There would surely be bunting, dancing girls and jugs of ale for the heroic southern softie who finally deigned to step foot up north to be with his brethren. Women and children would weep with joy as I made my way through my unfamiliar homeland, waving flags and knocking out Royal Wedding-style commemorative plates for future generations to either eat hotpot from or put on eBay. Instead, in Bowness I was queue-jumped by a stern-looking Japanese couple itching to get their hands on a battered sausage in Vinegar Joe's chippy. I ask you! Still, I'm sure there's a Stuart Maconie-style travelogue waiting to be to written on the subject.

In the meantime it's on with French Magazine Issue 75, which will feature, among many other Francophile-friendly delights, the changing face of Champagne – the region, not the drink – and the rise of Golf in France.

Talking of sports that we invented and turned out to be not very good at, there's a lovely piece on French cricket in today's Indpendent. I love a good day at the cricket – I can usually be found eyeing the cider tent by 11am at the annual Bath Cricket festival – and feel sure the game would catch on in France if, contrary to what the organisers and journalist hope, the French ditch the 20-20 format and opt for five-day matches.

To my mind, they wouldn't get bored at all. After a delayed start time thanks to whatever transport strike was holding up spectators en route to the game, then a four-hour, five-course lunch followed by an obligatory afternoon snooze, there would be very little cricket played – perhaps ten overs aside. Then it would be time for an apéro and off to dinner.

*Geoff Boycott's lovely phrase "corridor of uncertainty" might also be applied to the English Channel given the recent boat blockades. Ce n'est pas le creekeet, as he might say, and I hope that none of you have had your holidays ruined. If you have, to cheer yourself up just imagine, for a moment, Boycott commentating on French telly.

Wednesday, 1 April 2009

Scarlett Johansson, not me: New face of Moët et Chandon


Alas, I have been overlooked by the good people at Moët et Chandon, who have plumped for pouting beauty Scarlett Johansson when looking for their latest brand ambassador. I thought it must have been me for a moment when I heard the Moët top brass describing their new pick as "refreshingly spontaneous, generous, glamorous" and someone who "like Moët, has a magical story to tell and makes people dream". I hope they told her to pronounce the "t" in Moët.

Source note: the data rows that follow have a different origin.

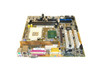 ASUS Asus AMD 760 Chipset Athlon/ AthlonXP/ Duron Processors Support Socket A PGA462 micro-ATX Motherboard System Board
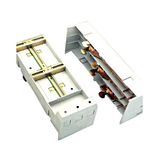 Universal Adapter Out. Term. Bel/250A (The price is shown without markup on metals. Request a quote for accurate information)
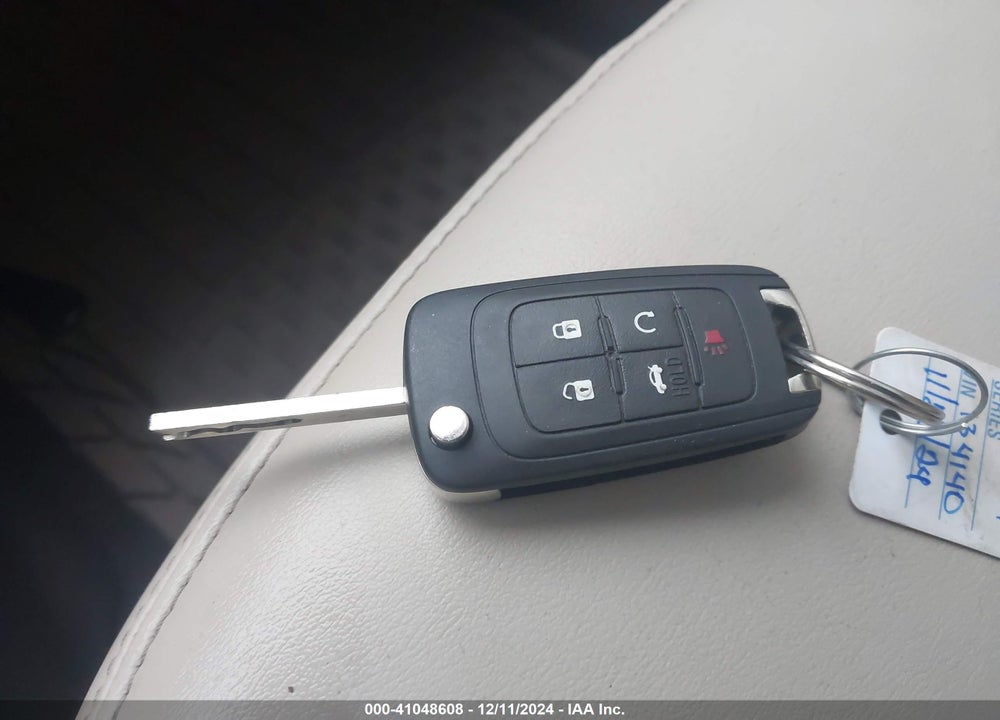 2014 BUICK VERANO VIN: 1G4PP5SK2E4134140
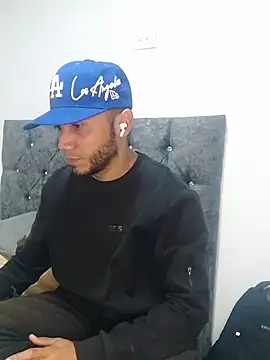  MatScott  online show from 01.16.26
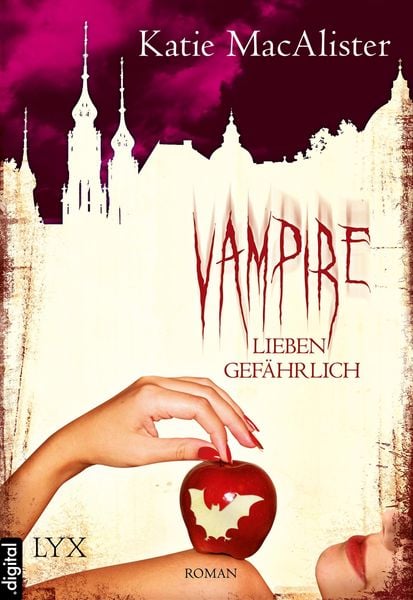Produktbild: Vampire lieben gef&auml;hrlich
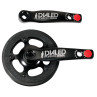 Korba TREK Trek Dialed 24˝ Kids' Crankset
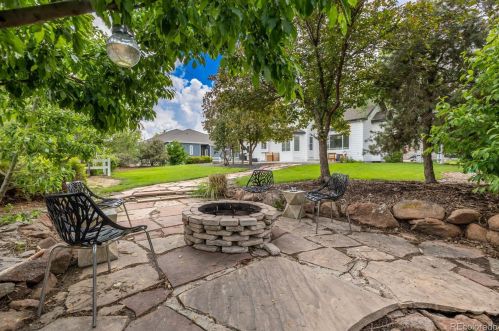 7973 Bayside Dr, Fort Collins CO  80528-8951 exterior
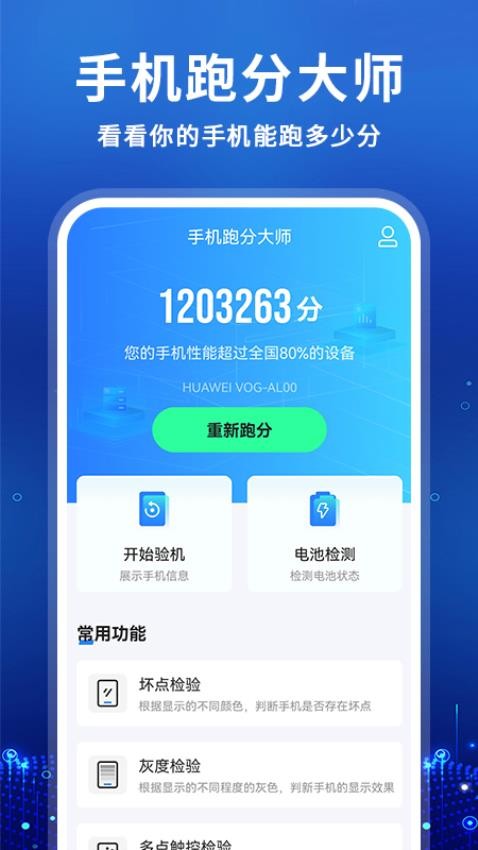 手机跑分大师appv1.0.1(3)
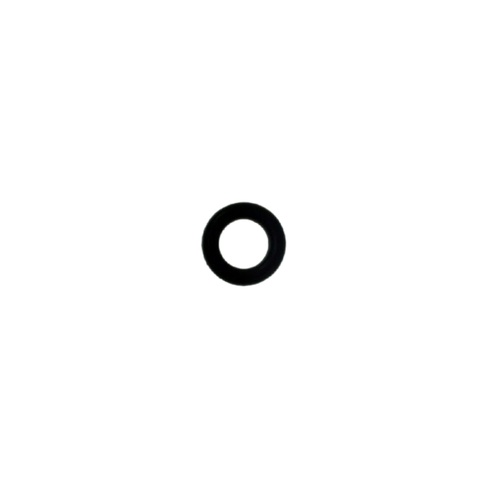 O-ring for keg dip tube / liquid & gas tube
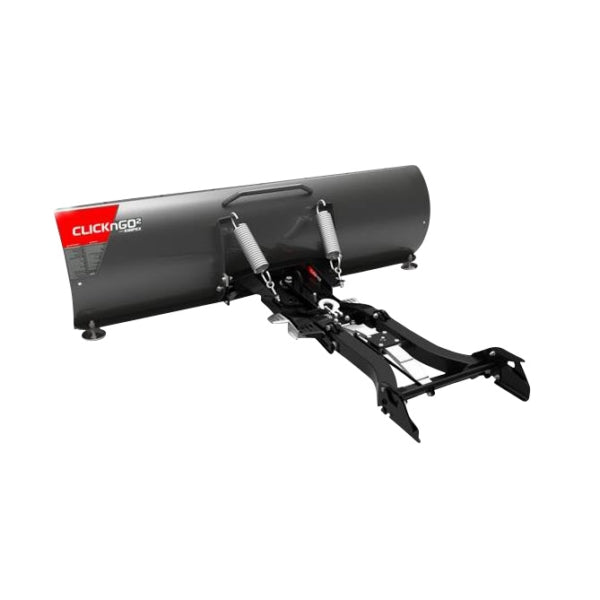 ClickNGo-PUSH FRAME UTV CNG 2 W/TRACK 7815059-000E-2 P374981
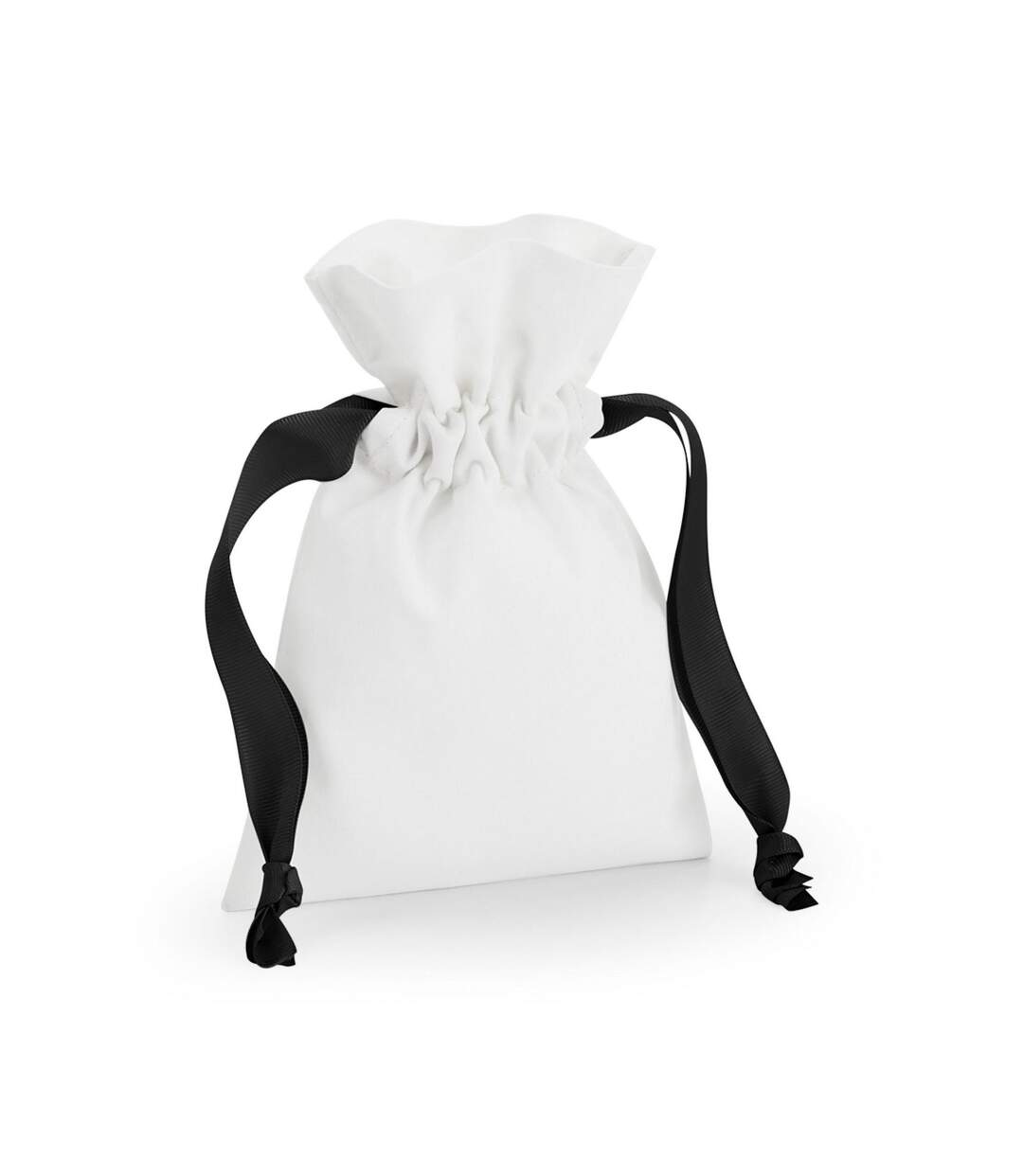 Sac 44 Cm X 36 Cm Blanc Noir Westford Mill-3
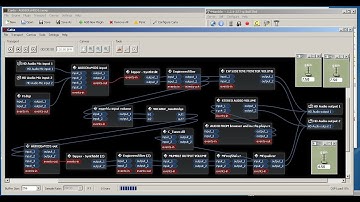 AUDIO to MIDI - CW KEYING TECHNIQUE - MORSE CODE over MUMBLE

Maybe Babycham will come knocking for me instead.

Wednesday, 25 March 2009

Internet 0-1 Library


I am undertaking more freelance writing now that French Magazine is a bi-monthly title (Issue 74 will now be on sale April 24th, dear readers, so many apologies to those of you awaiting your French fix) and the first commission I have received is to write a brief social/cultural history of coffee in France.

Naturally, my first port of call for research was t'interweb but I soon realised that certain dates didn't tally from one so-called "expert source" to the next. So, for the first time since I was a student, I went to the public library to do some work in situ, and to sniff out some facts from actual - don't tell anyone! - books.

And what a treat. As I plonked myself down amongst the undergraduates and pensioners, I felt completely at home and instantly more studious.

As for the research, the archives of Bath Library offered up a rare beauty – a photocopy of a pamphlet written in 1845 by a local coffee merchant, one Samuel Bennett. It detailed in fine olde Englishe the Coffea Arabica plant's origins and the relentless spread of its boiled, then roasted and percolated, seed throughout the world from Ethiopia to Arabia, Cairo, Damascus and Constantinople, and eventually to the coffee shops of Venice, Amsterdam, Paris and London.

The librarian, an upbeat and helpful chap, had to go into a back room to dig the prized document out for me, and insisted that under no circumstances did I take it anywhere. All very cloak and dagger and, more excitingly, a rare victory for the printed word over the internet's presumed omniscience.